Карамзин не просил — царь сам дал.
Не раз это истолковывалось как ясное доказательство дворянского, крепостнического, официального характера карамзинской Истории; случалось, подобное мнение высказывалось в весьма обличительных формах. Например, М. Н. Покровский (более полувека назад) говорил на своих лекциях: „Когда наш брат теперь напишет что-нибудь новое, — куда он идет? Он идет в Коммунистическую академию и там читает. Когда Карамзин написал первую главу [?] „Истории“ — что он сделал? Он поехал в Тверь, где в это время находился Александр I в гостях у сестры; получение же денег и чина в 1816 году — типично придворная история! <… > Это была действительно официальная „историография“ той России, того режима, который привел декабристов к убеждению, что, не вырезав всех Романовых, нельзя сделать шаг вперед“.
Столь резкие формулировки принадлежат в немалой степени истории того времени, когда они произносились, и требуют, конечно, столь же исторического подхода, как и сама История Карамзина. Да, разумеется, царь проверял историка на лояльность, разумеется, классовое, дворянское присутствует в его Истории и многое определяет…

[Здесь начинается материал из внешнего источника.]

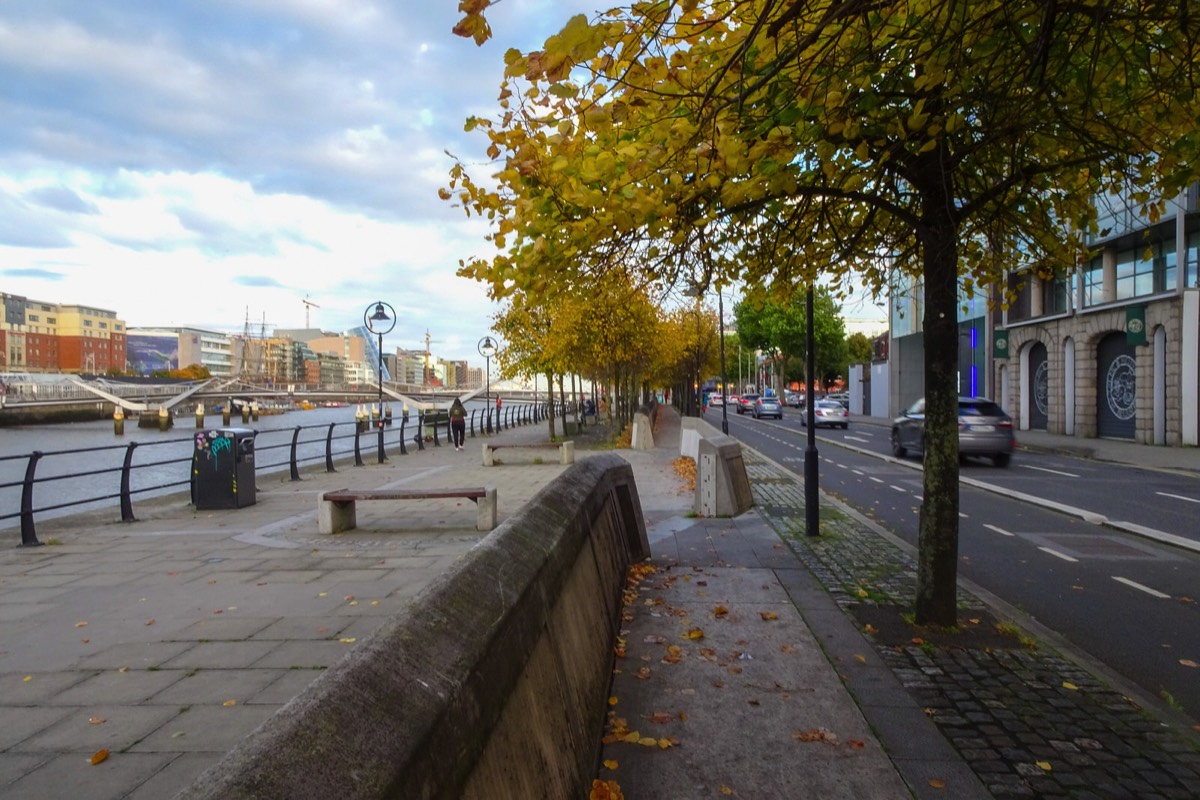 AUTUMN LEAVES ON CITY QUAY 002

Но самое интересное в Карамзине как раз то, что выходит за эти рамки: иначе чем же он лучше Аракчеева?
Как объяснить, что декабристы, собравшиеся „вырезать Романовых“, относились к Карамзину с огромным интересом и уважением, даже с ним не соглашаясь (об этом речь впереди)? Откуда же пушкинское определение „Истории Государства Российского“ — „подвиг честного человека“? Для ответа на эти и другие существенные вопросы последуем за историком в Петербург, где суждено увидеть свет его главному труду.
ПЕТЕРБУРГ
Если печатать в Петербурге, значит, надо там и жить и проститься с Москвою, где Карамзин, по его словам, провел „три возраста жизни“.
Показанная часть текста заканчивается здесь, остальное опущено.